Anunciaron los clarines el inicio del último tercio con “Pocapena” muy cerrado en tablas a la altura del tendido 2. Granero, vestido de azul marino y oro, con un traje que había estrenado aquel año en Barcelona y, cuya segunda puesta, en Sevilla, fue el día de la mortal cogida de Varelito, lo citó para un ayudado por alto con los pies juntos; o sea, lo que hoy llamaríamos estatuario.
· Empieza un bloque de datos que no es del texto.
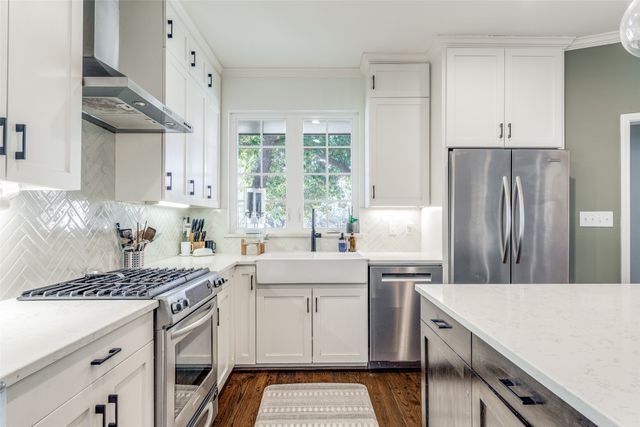 6709 Cliffbrook Drive, Dallas, TX 75254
Sin embargo, a un toro que por su condición pedía darle los adentros o torearlo en los medios, el diestro valenciano le dio en el tercio el terreno natural para pasarlo por el pitón derecho, que era por donde se acostaba el toro. Se arrancó éste con fuerza, pero al llegar a la altura del torero se venció empuntando a Manolo por el muslo derecho, para campanearlo y volverlo a recoger antes de que llegara al suelo, arrojándolo a favor de querencia. Hizo el de Veragua de nuevo por él y lo fue empujando hasta meterlo debajo del estribo, donde siguió corneándole con saña y, en un fatal derrote, le reventó la cabeza contra las tablas.
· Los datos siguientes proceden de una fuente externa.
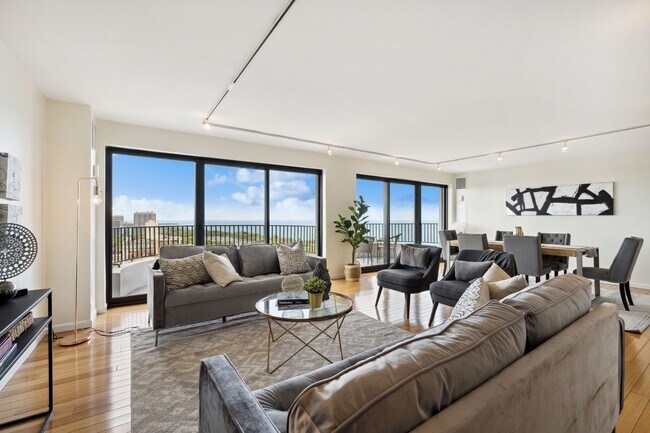 Building Photo - 2020 N Lincoln Park W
La primera percepción del público fue que, mientras Marcial y dos o tres peones se precipitaban sobre el toro pretendiendo alejarle de su presa, un monosabio hacía un gesto de espanto y Blanquet, aquel extraordinario banderillero que también lo fuera de Joselito, se quedaba petrificado tapándose el rostro con las manos como llorando o no queriendo ver. Cuando, alejado el toro, las asistencias alzaron el cuerpo del infortunado torero para llevarlo a la enfermería, un grito horrorizado conmovió la plaza al ver el rostro horriblemente desfigurado de Granero –rojinegro de sangre y arena, del que pendía un agorero e informe colgajo– y la cadavérica rigidez de su cuerpo. No es extraño que, ante tan pavorosa y espeluznante visión, fueran muchos los espectadores que salieran de estampía de la plaza.
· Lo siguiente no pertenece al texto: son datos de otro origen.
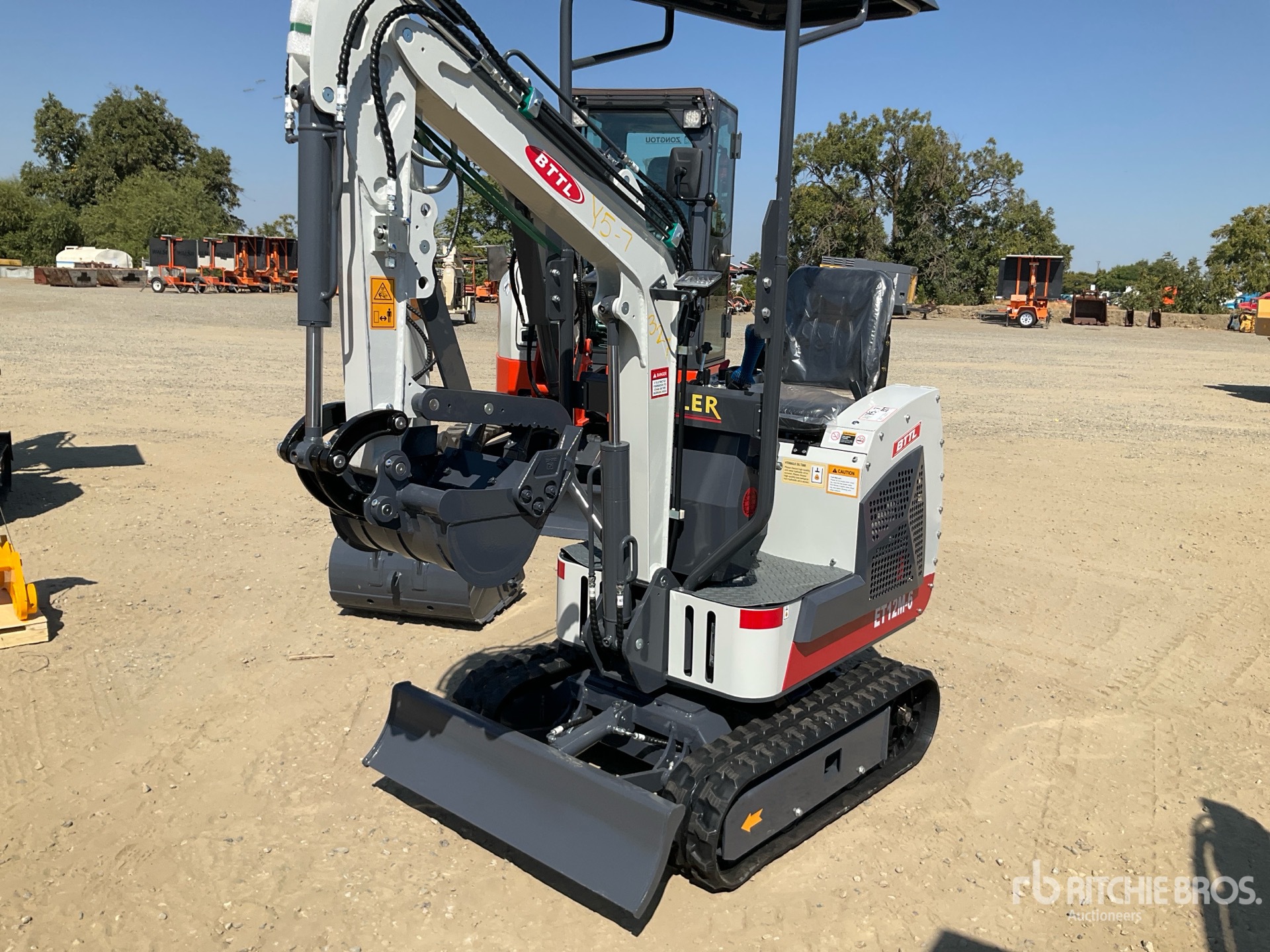 2025 BTTL BTTL12 Mini Excavator (Unused)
Era imposible que aquel muchacho pudiera sobrevivir a tan espantoso destrozo. El cuerno le había entrado por la zona orbitaria del ojo derecho y le había pulverizado el cerebro. El parte facultativo nos cuenta además que Granero había sufrido fractura de los huesos frontal, etmoides, esfenoides, parietal, temporal, maxilar superior y malar, así como el destrozo de toda la masa encefálica, de ahí que cuando el torero llegó a la jurisdicción de los doctores Hinojar, García Peláez y Muñoyerro, era prácticamente un cadáver. Los relojes marcaban las seis menos veinte de la tarde.
Como una maldición, la fatalidad se cernía de nuevo sobre los toreros de Valencia. Igual que les había ocurrido a los hermanos Fabrilo, a aquel revolucionario llamado Antonio Carpio, a Isidoro Martí Flores, sucedía ahora con Granero, inmolado en la flor de su vida por los crueles e inescrutables designios del dios Tauro.
La muerte de Granero fue una de las más horribles que registran los anales del toreo. Aquel chaval de veinte años, a quien todos auguraban heredar el puesto dejado por Joselito, lo más que consiguió fue recibir el violento legado de su muerte en el ruedo. Como José, halló su triste fin en una corrida que en principio no pensaba torear; como José, dijo su adiós artístico toreando de muleta; como José, fue expulsado del mundo de los vivos por el toro quinto de la corrida; como José, bajó al sepulcro en mayo, el mes de la vida y de las flores… Hoy, que se cumple el centenario de la trágica muerte del diestro valenciano, hemos querido acercar su figura al presente para limpiar su memoria del polvo del desconocimiento, que es como decir del olvido. Descanse en paz y viva su recuerdo.